Comparison to California's Medical Marijuana Law

The Arizona law is actually no means the same since the law in California. There are certainly some differences relating to the two, though in most respects they may be comparable. This is a comparative analysis from the two laws.

Similarities:

* Both laws, as being a practical matter, permit broad discretion about the part of a physician to prescribe marijuana to patients who suffer from pain. In the Arizona law, ""severe and chronic pain"" could be the legislated standard. In the California law, any ""chronic or persistent medical symptom"" that substantially limits the life from the patient to conduct one or more major life activities as defined by the Americans with Disabilities Act of 1990, or if not alleviated, will result in serious harm towards the patient's physical or mental safety, qualifies.

* Both laws have many illnesses that are automatically considered qualifying illnesses to the prescription of medical marijuana. These include, but are not tied to, AIDS, cachexia, cancer, glaucoma, persistent muscle spasms, seizures, and severe nausea.

* Both laws require the use of your identification card by those that have been prescribed medicinal marijuana, following your cardholders already went through a an initial application process where the use from the drug has become recommended with a physician.

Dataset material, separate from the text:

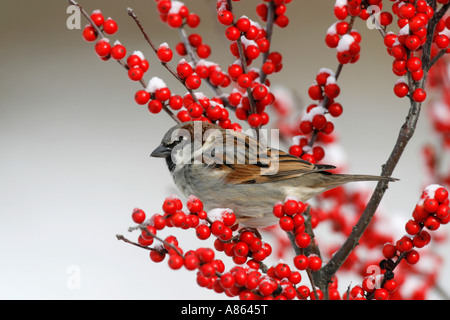 House Sparrow in Snowy Winterberry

* Both states don't cbd products newtown factor inside the unusable portion with the marijuana plant in determining the most weight of marijuana that's permissible for possession by a cardholder.

Differences:

* Though the rules have never been finalized, the Arizona law appears as though it'll be regulated on the state level and for that reason uniform across Arizona. The California law, however, is regulated significantly about the municipal level, and therefore the rules around dispensaries can vary greatly in one municipality towards the next.

* The Arizona law provides a broader spectrum of people that are believed a ""physician"" for the purpose of prescribing medical cannabis. In California, only physicians and osteopaths are viewed to get physicians. In Arizona, along with health professionals and osteopaths, naturopaths and homeopaths will also be allowed to prescribe medical marijuana.

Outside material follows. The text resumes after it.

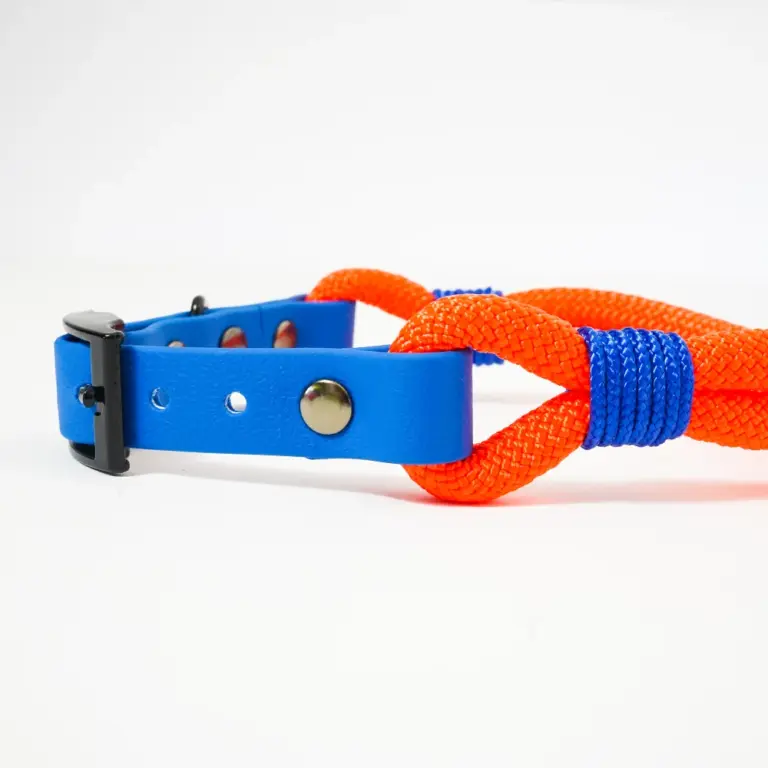 collare-smile-fluo-3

* In California, patients or their caregivers may grow marijuana plants instead of by using a medicinal marijuana dispensary. In Arizona, patients might grow marijuana or designate another person for this in place of going to a dispensary around the condition that there are no dispensary operating within 25 miles of the patient's home.

* The maximum possession limit for marijuana in California is eight ounces per patient, whereas the limit is just 2.5 ounces per patient in Arizona.